Sounds like a great trip (sans the heat and seas!) You have always impressed me with your ability to catch a wide variety of quality fish, especially gags!

I am definitely spoiled now with the AC on the Viking, I never knew how hot I got till I had AC to get into! No going back now, I might go broke but gotta have the AC and fresh water showers now! Ha ha!

Robert


----------



## coolbluestreak (Jun 27, 2011)

Awesome pictures and report!:thumbsup:


----------



## DISANTO (Oct 1, 2007)

Great trip!


----------



## Downtime2 (Sep 27, 2007)

Nice catch Mike and crew!


----------



## skram (Dec 25, 2007)

Nice Sailfish :thumbup:


----------



## bayougrande (Oct 4, 2007)

wide kind'a ride is that? looks sweet:thumbsuph ya, impressive trip!!!


----------



## mcoaker (Jun 21, 2012)

Nicely done! Great pics


----------



## PELAGIC PIRATE (Oct 10, 2007)

MSViking said:


> Sounds like a great trip (sans the heat and seas!) You have always impressed me with your ability to catch a wide variety of quality fish, especially gags!
> 
> I am definitely spoiled now with the AC on the Viking, I never knew how hot I got till I had AC to get into! No going back now, I might go broke but gotta have the AC and fresh water showers now! Ha ha!
> 
> Robert



The funny thing Robert , we were looking at new boats on the way home :thumbsup:


I'm turning 45 this year : 

Bucket list is being compiled and AC may be in our future.

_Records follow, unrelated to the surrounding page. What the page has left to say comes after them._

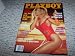 Playboy November 1996 Donna D'Errico/Baywatch on Cover (nude inside), Liam Neeson Interview, Scott Turow Fiction, 20 Questions - Chris O'Donnell, Christopher Buckley, Brendan Dubois Fiction, Sex In Cinema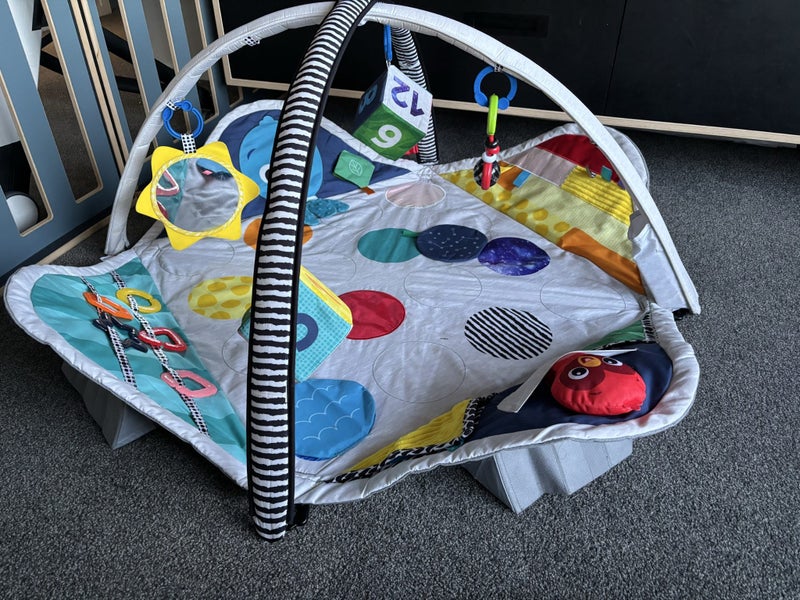 Baby play mat Carousel 2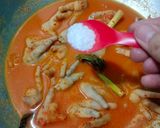 Foto langkah ke 2 dari resep Ceker Rica Rica.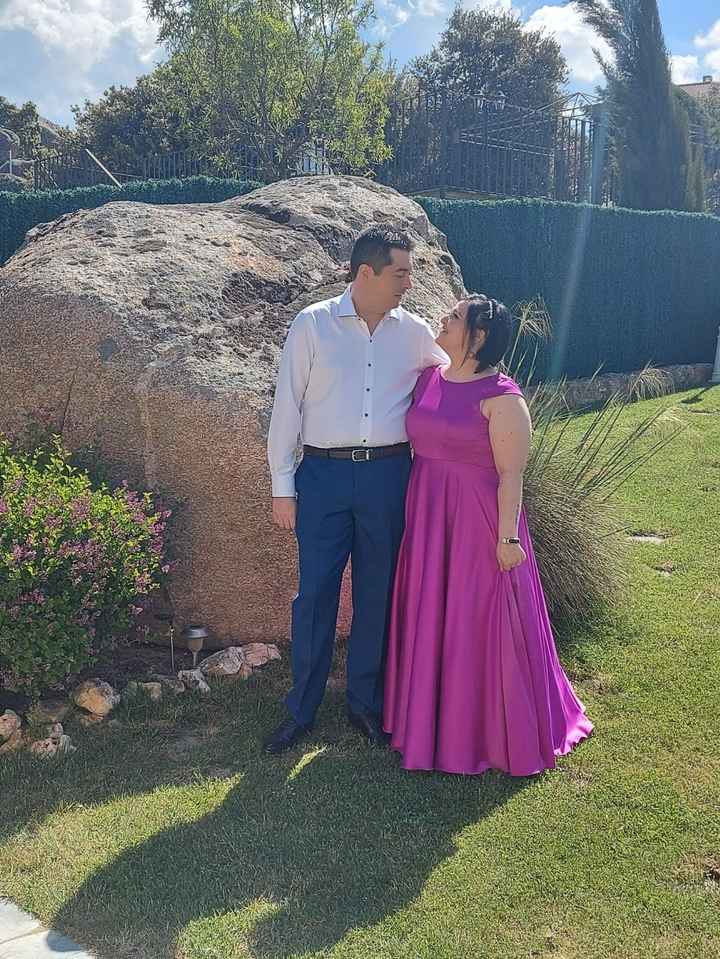 ¿Con cuántos ❤️ valoras el día de tu boda? - 1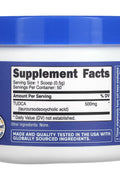 Nutricost TUDCA Tauroursodeoxycholic Acid 25 g - 50 Servis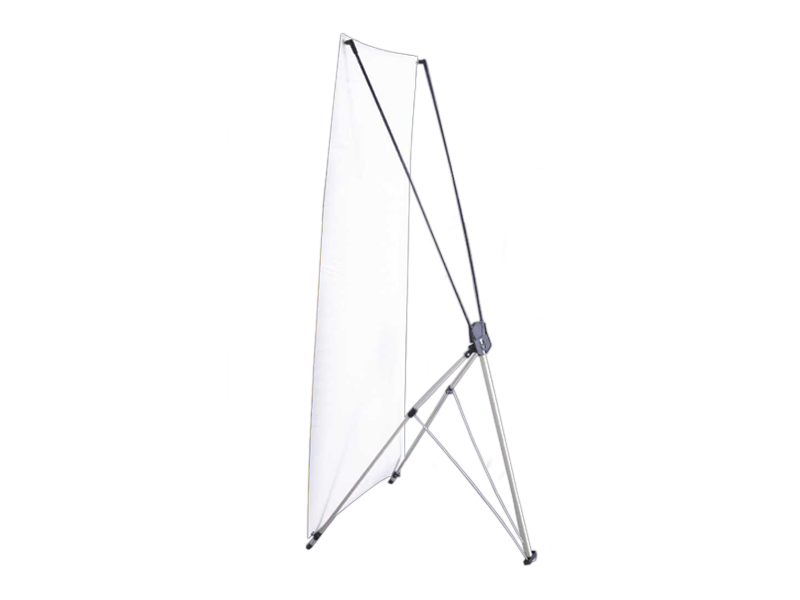 Freestanding Banners: Pull-Up & X-Frame - Image 10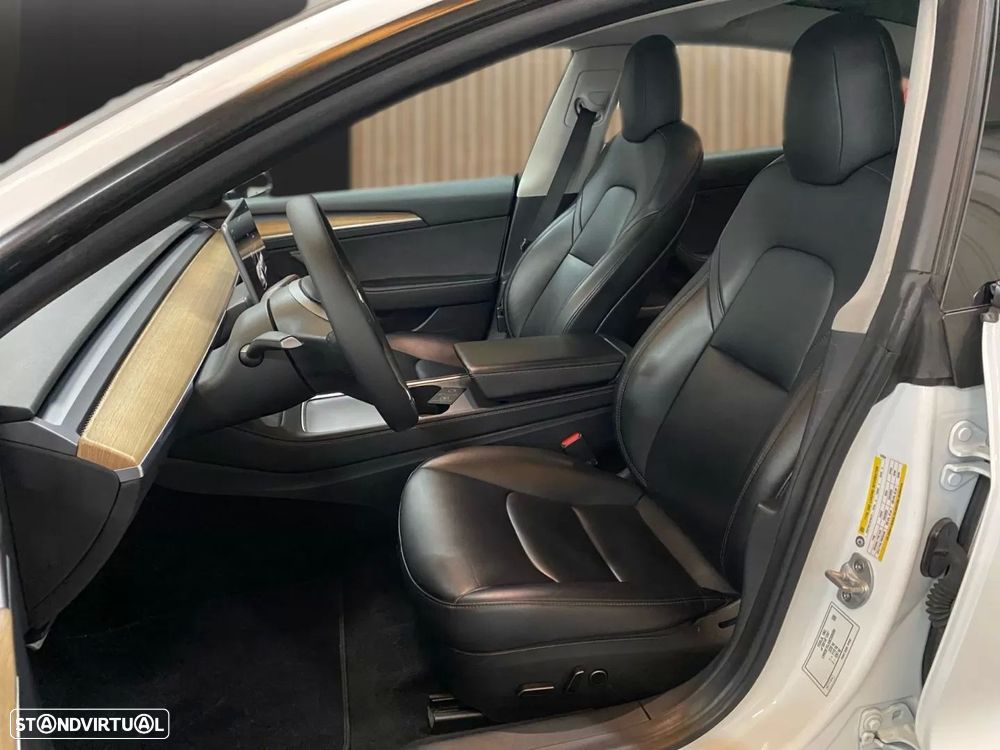 Tesla Model 3 Performance Tração Integral - 7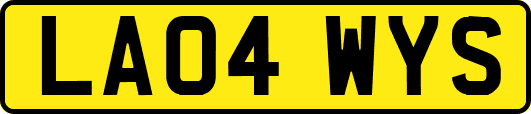 LA04WYS
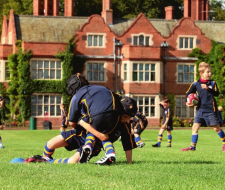 Queen Ethelburga's College Boarding school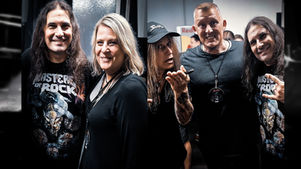 Meeting with Zak Stevens & Savatage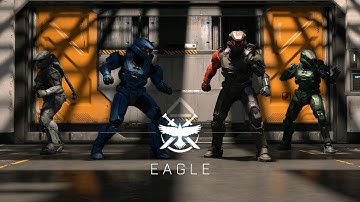 Halo Infinite Tech Preview Bot Slayer Gameplay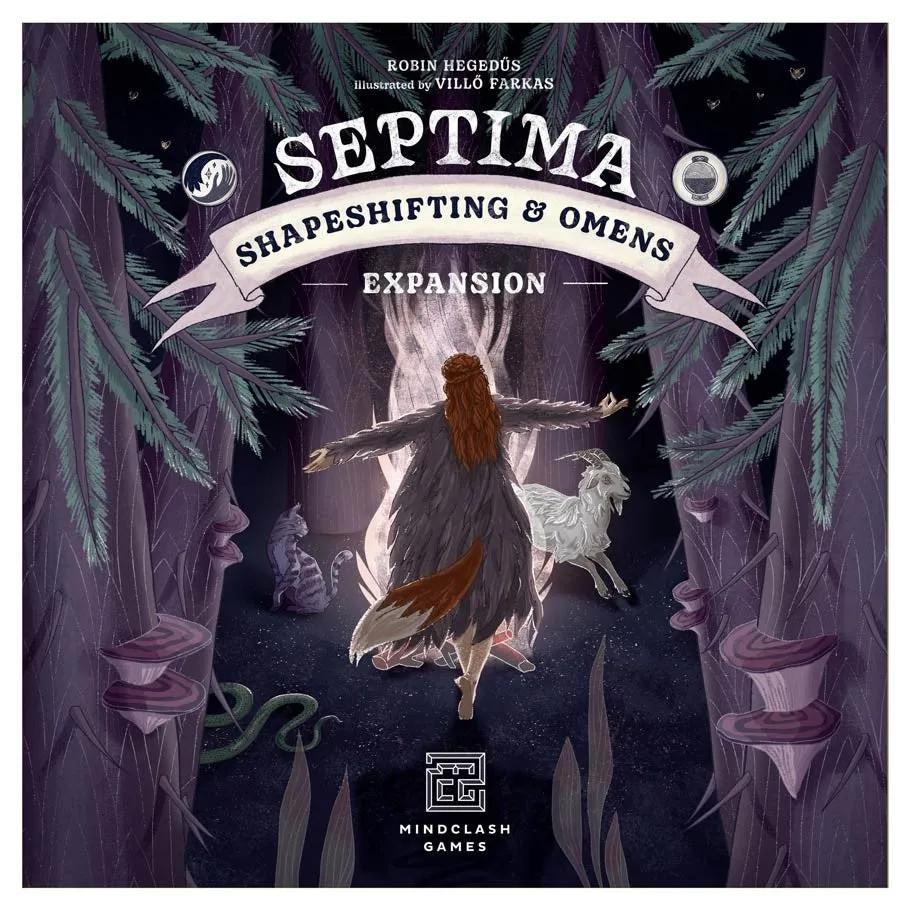 Septima - Shapeshifting & Omens Expansion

I may miss the tiny fuel bill , but I would pay up for Ac and cold showers plus once your out there staying an extra day is actually doable due to the accomidations and the recovery factor of a bunk in Ac, always come home:thumbdown:


I started with a jon boat and I'm slowy working my way up the chain to what your riding in :thumbsup:


Thx for the comments Robert and if you are Ever looking crew Reg and I are ready to come run the deck of your battleship.............:thumbup:


----------



## PELAGIC PIRATE (Oct 10, 2007)

bayougrande said:


> wide kind'a ride is that? looks sweet:thumbsuph ya, impressive trip!!!



She is 1986 Palm Beach 32 built in costa rica and imported to Florida by the first owner.

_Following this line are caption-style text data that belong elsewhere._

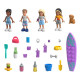 Kit de Construcción MEGA Cámper de los Sueños Barbie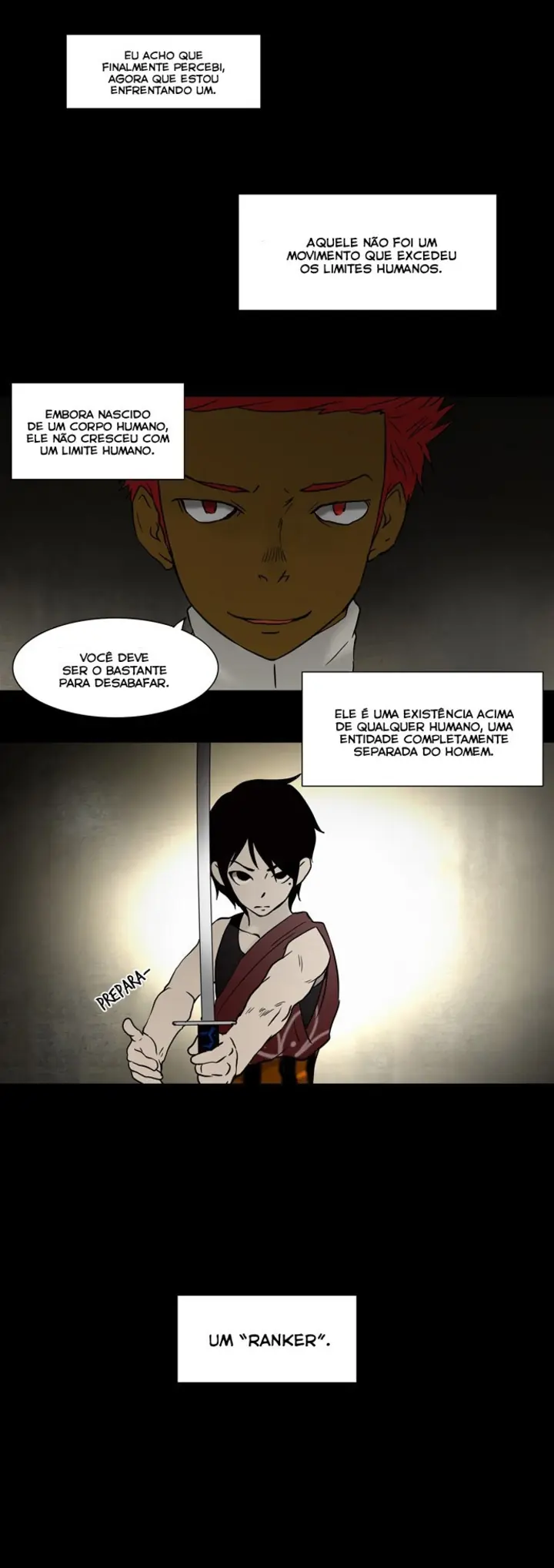 Read Tower of God PT Manga Online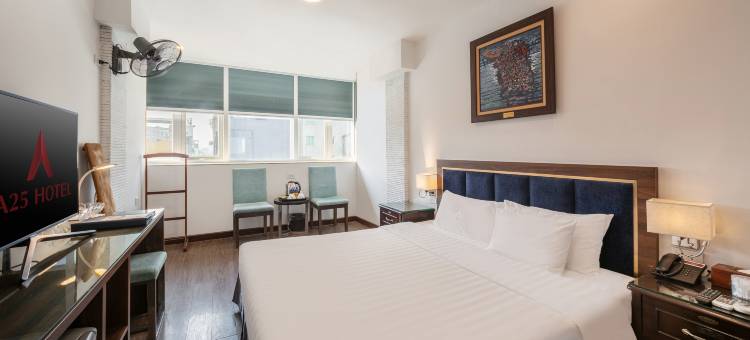 A25酒店-阮桂88号(A25 Hotel - 88 Nguyen Khuyen)图片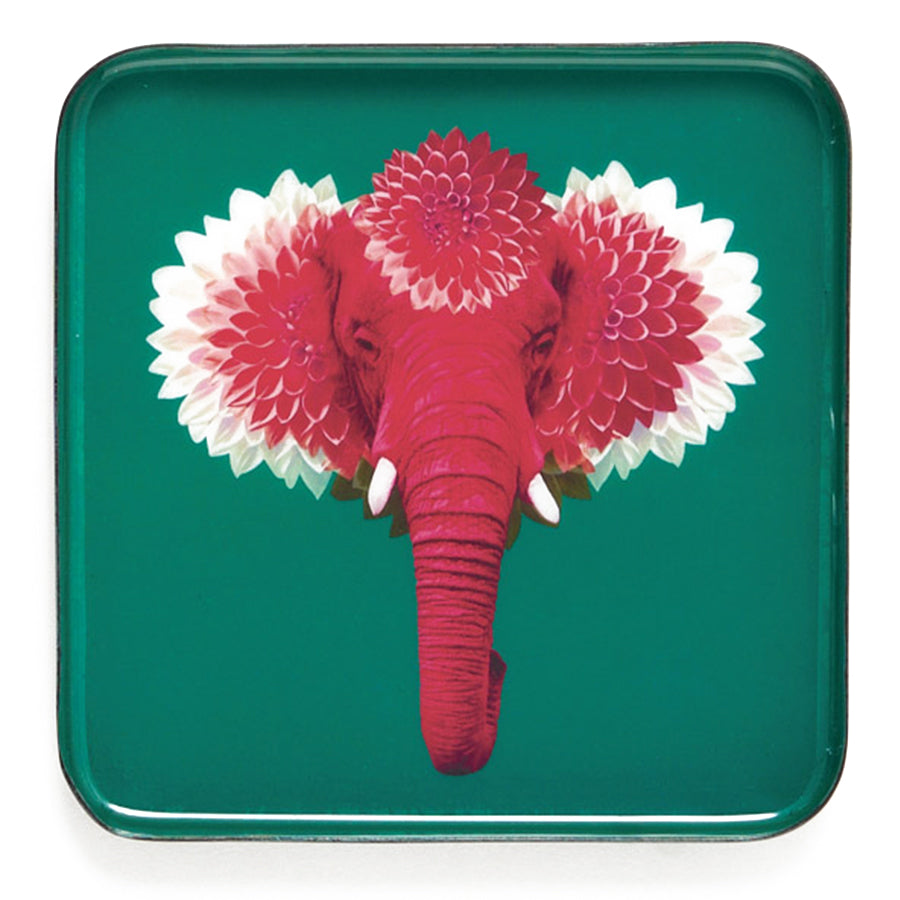 Vide poche émail carré GAN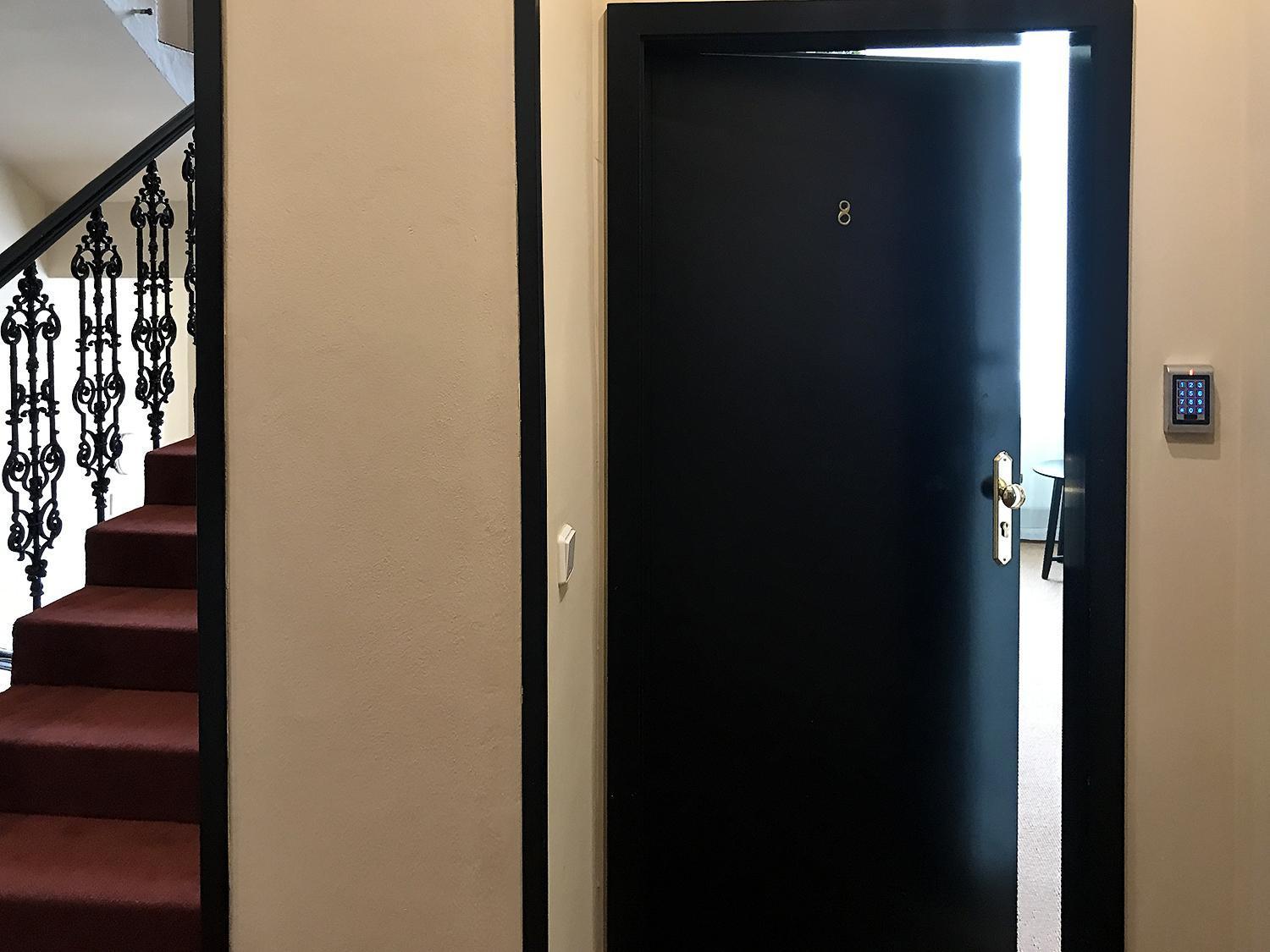 Light Rooms プラハ 部屋 写真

We are the 3rd owner , previous owner replaced the motor and we updated everything else to 2010-2011 electronics and led lighting along with bait tank and tower work plus platform .

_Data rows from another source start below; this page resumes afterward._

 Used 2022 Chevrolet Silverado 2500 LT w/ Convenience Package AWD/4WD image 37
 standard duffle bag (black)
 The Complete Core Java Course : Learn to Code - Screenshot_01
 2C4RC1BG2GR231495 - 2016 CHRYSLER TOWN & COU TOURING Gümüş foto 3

She is super sweet , super slow and super cheap to feed with one 315 diesel:thumbsup:


Thanks for the comments


----------



## Michael f sights (Jun 19, 2012)

Pelagic Pirate,

Great story, boat, & pictures! It's good to see fellow GA Boys beat up fish!


----------



## bayougrande (Oct 4, 2007)

yu'll have to excuse me while i clean up some drool :notworthy:


----------



## Odesign1 (Jun 4, 2011)

Nice job, gotta love the sails!!!!


----------